乾燥状態での膜間差圧0.1MPaにおける純水の透過速度(FD)としては、例えば、以下の方法により測定される透過速度等が挙げられる。まず、測定対象物である中空糸膜を乾燥させる。この乾燥は、中空糸膜を乾燥できれば、特に限定されないが、例えば、60℃の恒温乾燥機での24時間の乾燥等が挙げられる。この乾燥状態の中空糸膜の一端を封止し、有効長20cmの1本の中空糸膜モジュールを用い、原水として純水を利用し、ろ過圧力が0.1MPa(100kPa)、温度25℃の条件で外圧ろ過して、通水開始からの1分間の透水量を測定する。この測定した透水量から、単位膜面積、単位時間、及び単位圧力当たりの透水量に換算して、純水の透過速度FD(L/m/時)を得る。以下に端的に記載する。乾燥状態での膜間差圧0.1MPaにおける純水の透過速度(FD)は、一端を封止した中空糸膜を、60℃の恒温乾燥機で24時間乾燥し、有効長20cmの1本の中空糸膜モジュールとし、膜間差圧0.1MPa、温度25℃で1分間外圧ろ過した透水量から算出される。

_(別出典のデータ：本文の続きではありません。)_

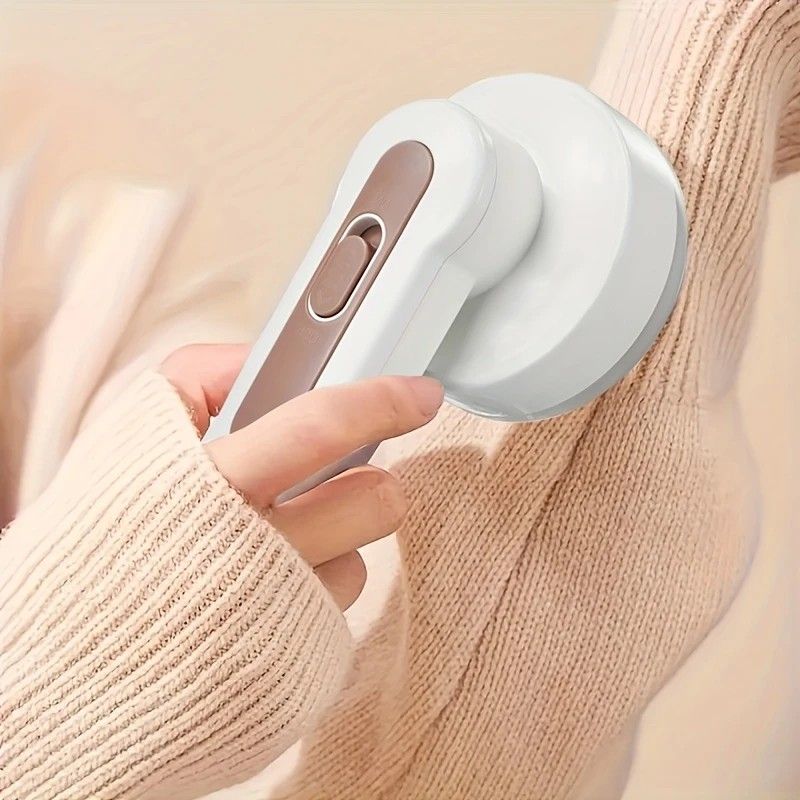 Efficient Lint Remover, multi-functional, powerful lint removal, safe and portable, rejuvenates clothing effortlessly. - Image 2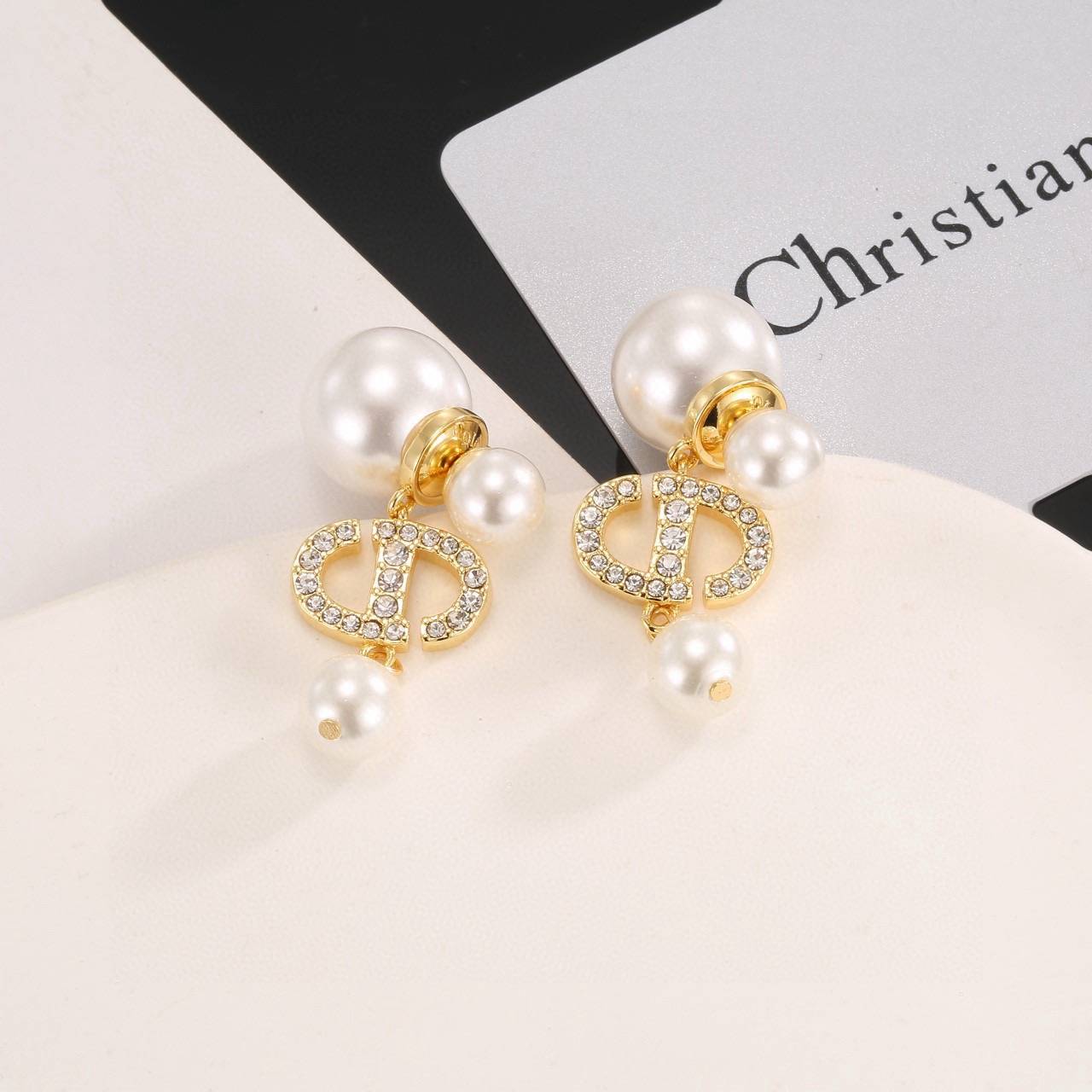 Dior ディオール レディース ピアス CDロゴ レジンパール ファッションジュエリー ブランドアクセサリー 上品 おしゃれ - 画像 4
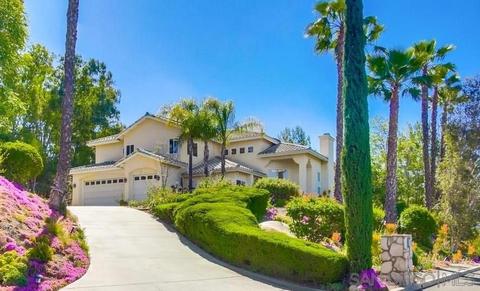 713 Camelot Pkwy, El Cajon, CA 92019
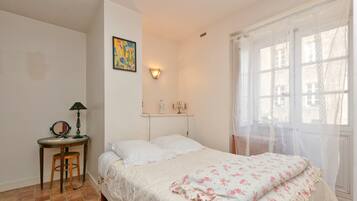 Strykjärn/strykbräda och sängkläder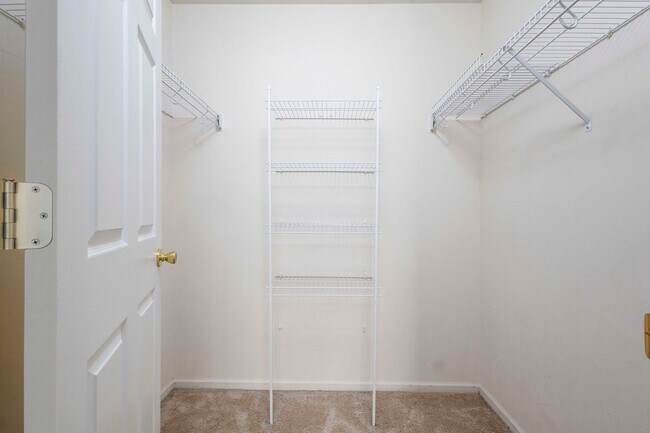 Foto del edificio - 4289 Berkshire Dr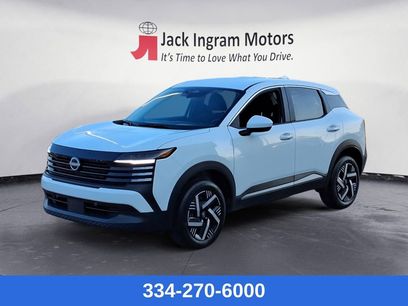 New 2025 Nissan Kicks SV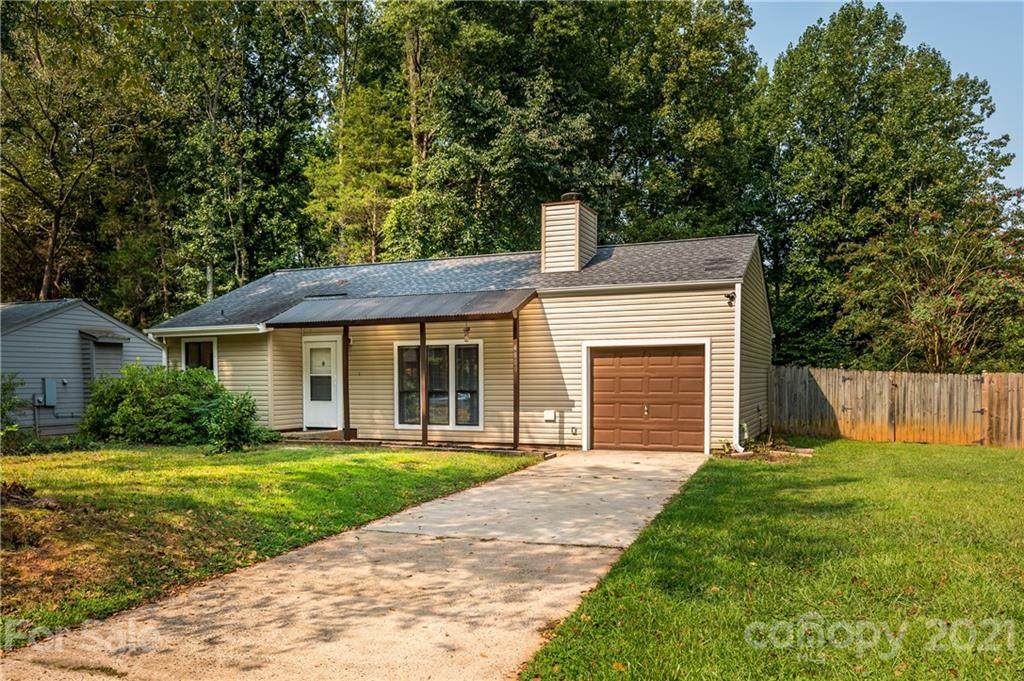 4800 Mcalpine Lane - Photo 1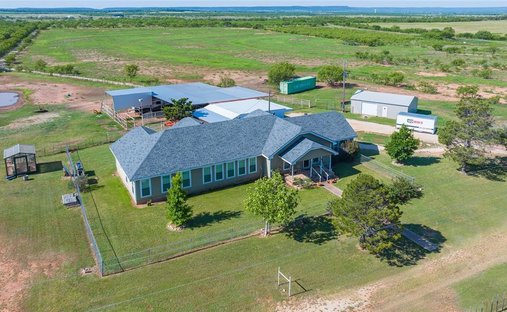 House in Clyde, Texas, United States 1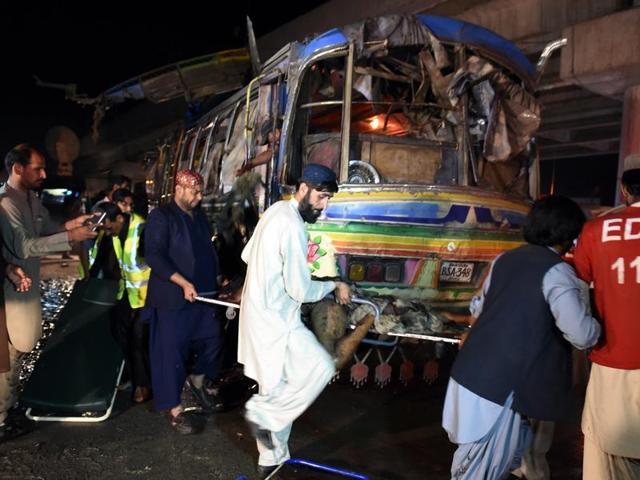 Pakistani volunteers and residents move the body of a blast victim from a bus after a bomb explosion in Quetta on October 19, 2015. (AFP Photo) Pakistani volunteers and residents move the body of a blast victim from a bus after a bomb explosion in Quetta on October 19, 2015. (AFP Photo)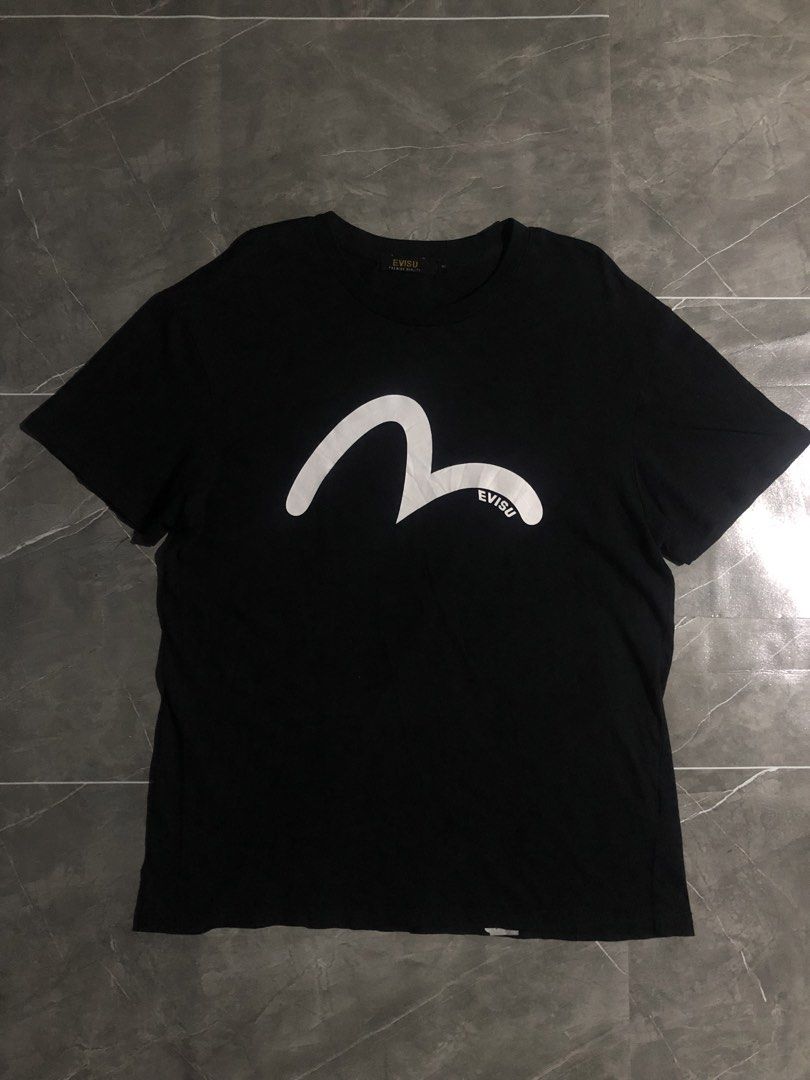 Evisu BigLogo tee (Category: Activewear) located in Manila. Submitted by buksthrifthing (Listing ID 1469158455, Image 1). Description: 22 by 27.5 Medium to semi large No issue 9.5/10 collor rate .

また、湿潤状態での膜間差圧0.1MPaにおける純水の透過速度(FW)としては、例えば、以下の方法により測定される透過速度等が挙げられる。まず、測定対象物である中空糸膜を湿潤状態にする。本実施形態に係る中空糸膜の場合、中空糸膜に含まれる親水性樹脂の架橋体を膨潤させる。この湿潤状態にする湿潤処理は、中空糸膜を好適に湿潤状態にすることができれば、特に限定されない。具体的には、中空糸膜を、エタノール50質量%水溶液に15分間浸漬させ、その後、15分間純水で洗浄するといった湿潤処理を施す。この湿潤状態にした中空糸膜を、乾燥状態の中空糸膜の代わりに用いること以外、上記FDの測定方法と同様の方法により、膜間差圧0.1MPaにおける純水の透過速度FW(L/m/時)を得る。以下に端的に記載する。湿潤状態での膜間差圧0.1MPaにおける純水の透過速度(FW)は、一端を封止した中空糸膜を、エタノール50質量%水溶液に15分間浸漬した後に15分間純水で洗浄し、有効長20cmの1本の中空糸膜モジュールとし、膜間差圧0.1MPa、温度25℃で1分間外圧ろ過した透水量から算出される。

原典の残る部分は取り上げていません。